▶ REQUIREMENT: Shown below are entries with pictures; the line with "خواص اکالیپتوس برای مرغ عشق و" through the line with "Голубика ТОРО в Дзержинске" is the span to retype exactly, and the pictures stay out.

▶ TASK INPUTS:

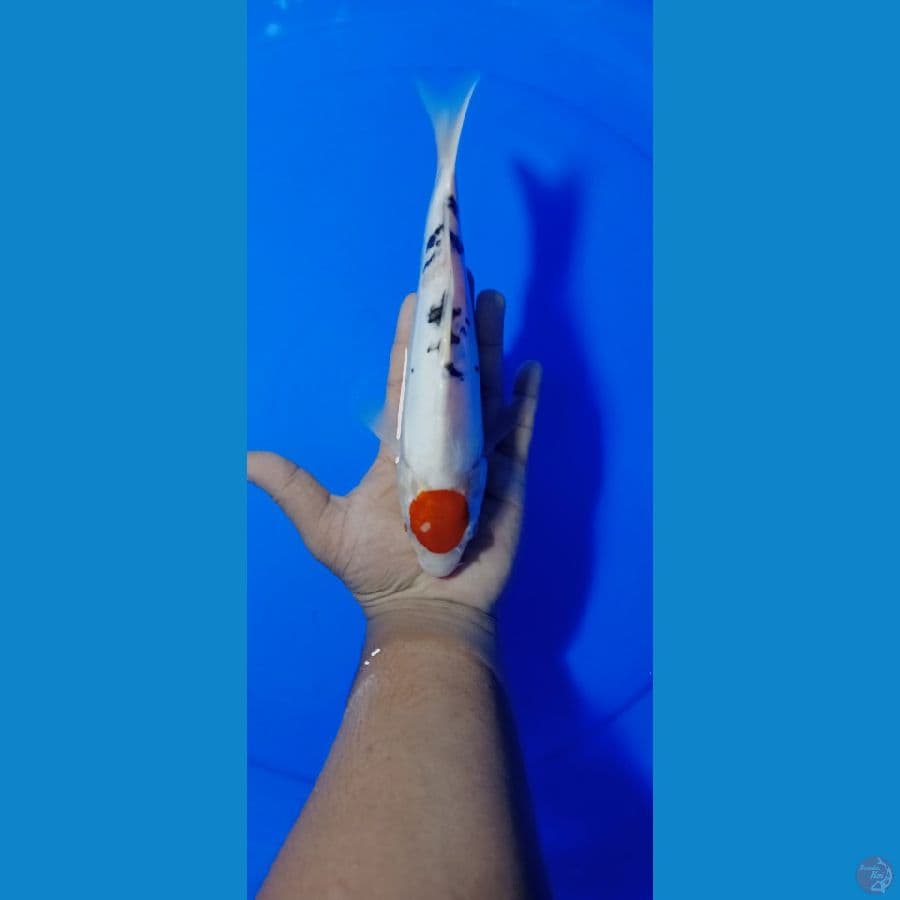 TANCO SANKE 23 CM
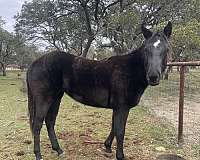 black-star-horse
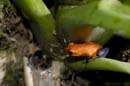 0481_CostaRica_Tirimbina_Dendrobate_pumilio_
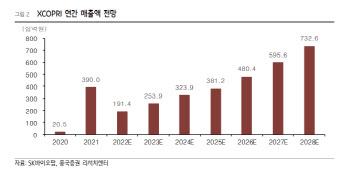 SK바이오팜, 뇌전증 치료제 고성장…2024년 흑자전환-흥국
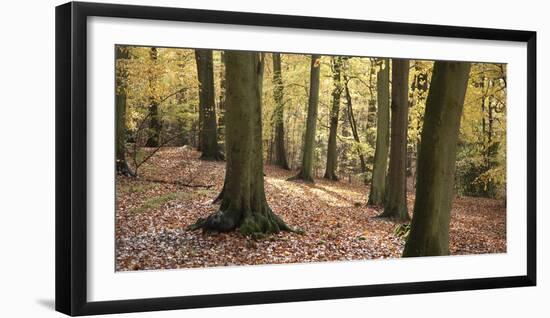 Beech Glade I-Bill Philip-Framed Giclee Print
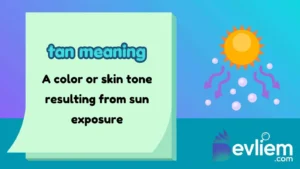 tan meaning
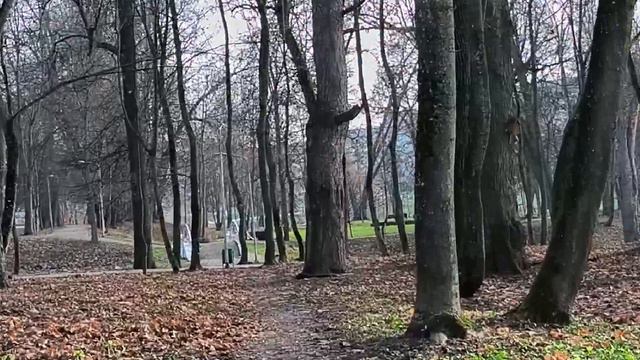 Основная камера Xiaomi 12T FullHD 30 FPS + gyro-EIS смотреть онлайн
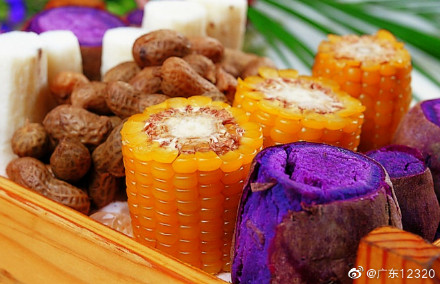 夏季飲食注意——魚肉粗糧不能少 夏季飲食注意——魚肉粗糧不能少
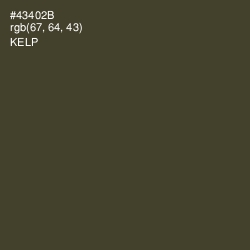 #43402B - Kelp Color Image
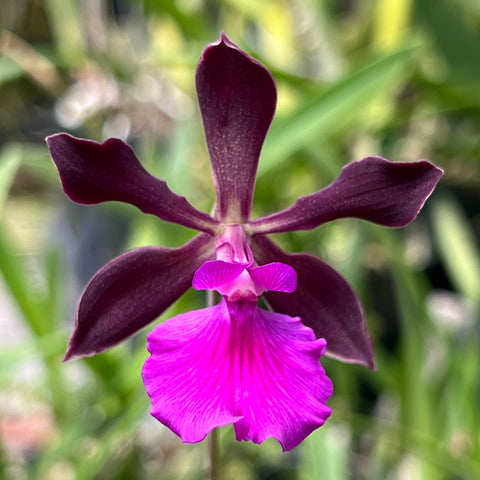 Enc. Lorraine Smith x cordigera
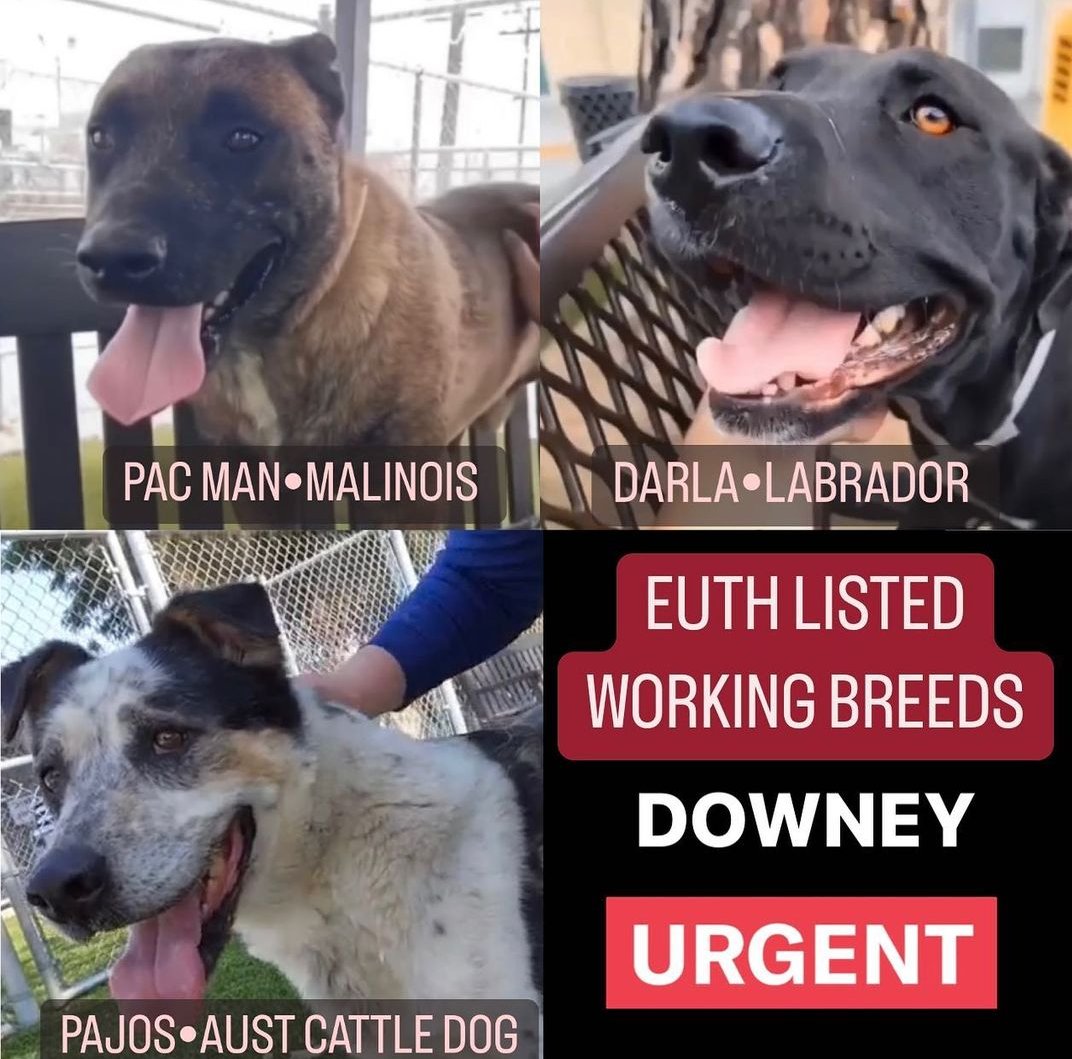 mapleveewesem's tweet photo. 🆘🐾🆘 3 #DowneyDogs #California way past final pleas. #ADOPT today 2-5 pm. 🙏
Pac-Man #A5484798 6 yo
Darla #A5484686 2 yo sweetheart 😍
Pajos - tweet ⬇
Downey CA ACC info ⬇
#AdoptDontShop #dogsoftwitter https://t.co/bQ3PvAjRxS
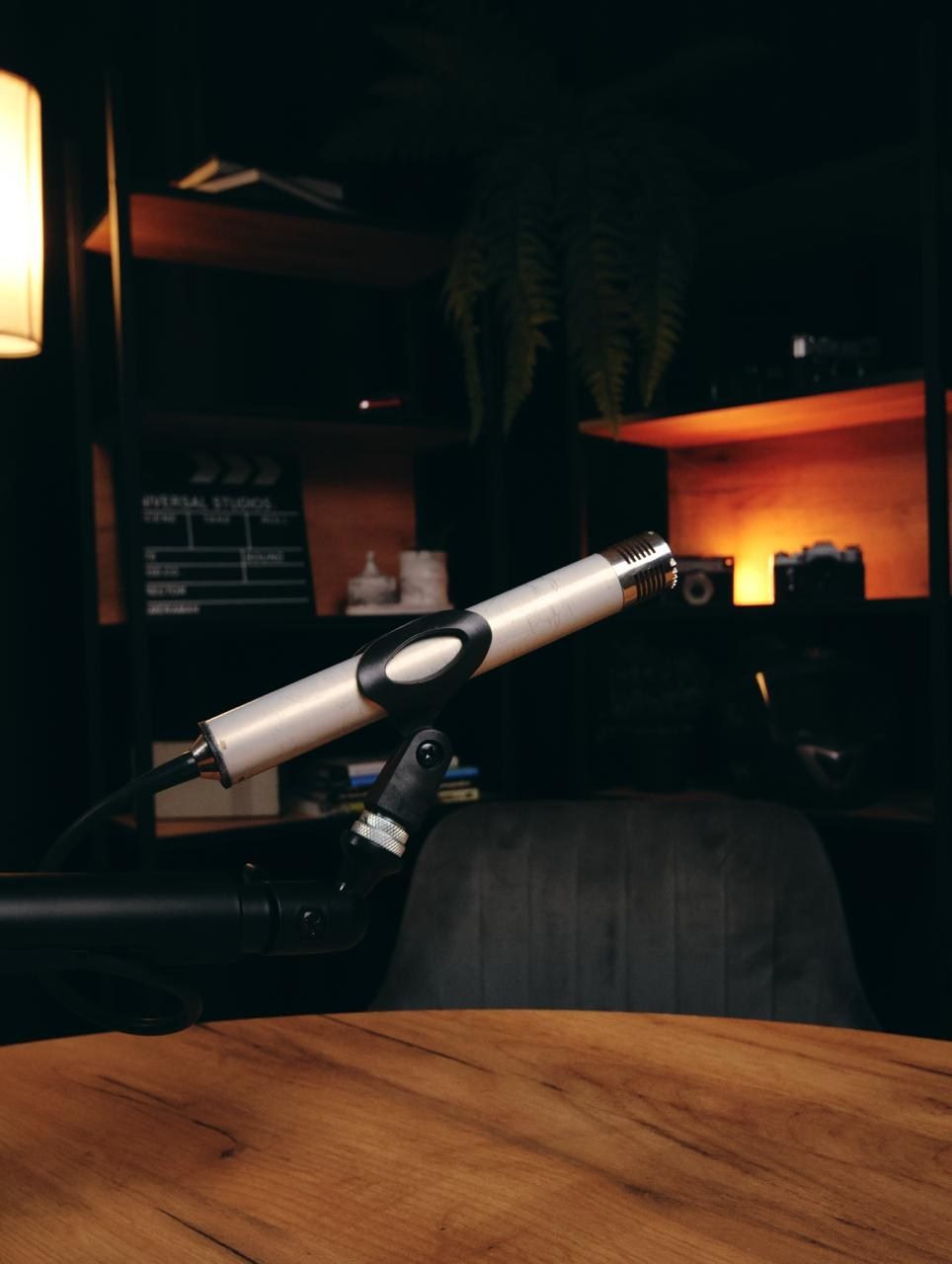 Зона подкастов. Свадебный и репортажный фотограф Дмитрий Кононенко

...

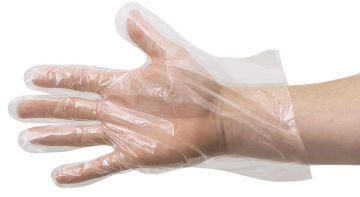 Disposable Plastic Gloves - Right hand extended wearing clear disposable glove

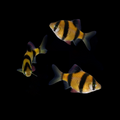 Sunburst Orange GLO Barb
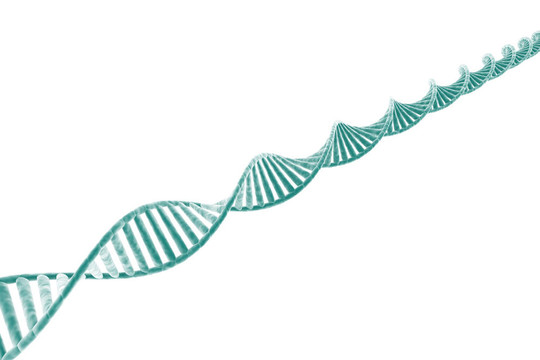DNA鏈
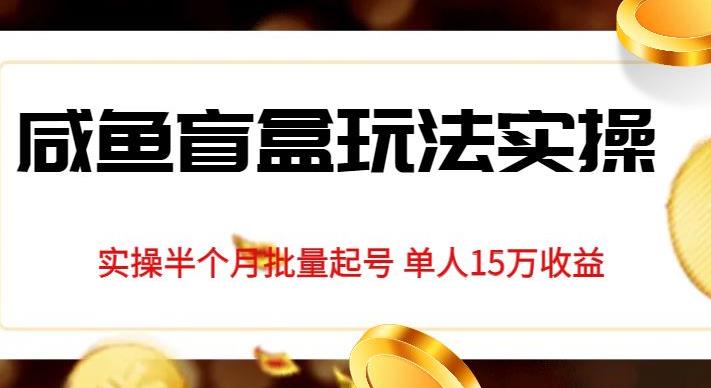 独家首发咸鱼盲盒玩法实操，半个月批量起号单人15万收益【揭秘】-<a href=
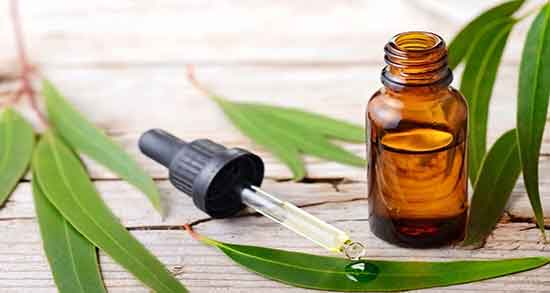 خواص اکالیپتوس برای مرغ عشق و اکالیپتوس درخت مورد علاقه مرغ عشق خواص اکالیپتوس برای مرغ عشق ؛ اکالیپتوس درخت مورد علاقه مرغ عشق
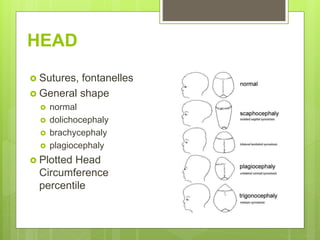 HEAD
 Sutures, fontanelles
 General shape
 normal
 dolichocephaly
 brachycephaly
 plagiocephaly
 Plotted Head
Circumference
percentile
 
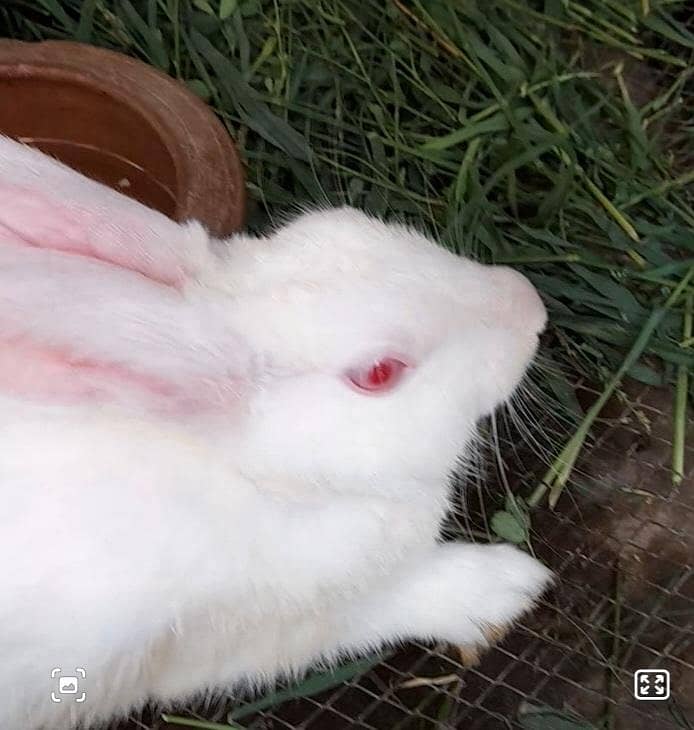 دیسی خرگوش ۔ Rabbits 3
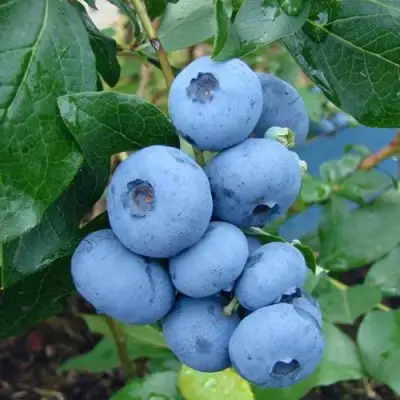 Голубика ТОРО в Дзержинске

▶ SOLUTION FOR THIS EXERCISE:
 خواص اکالیپتوس برای مرغ عشق و اکالیپتوس درخت مورد علاقه مرغ عشق خواص اکالیپتوس برای مرغ عشق ؛ اکالیپتوس درخت مورد علاقه مرغ عشق
 HEAD
 Sutures, fontanelles
 General shape
 normal
 dolichocephaly
 brachycephaly
 plagiocephaly
 Plotted Head
Circumference
percentile
 
 دیسی خرگوش ۔ Rabbits 3
 Голубика ТОРО в Дзержинске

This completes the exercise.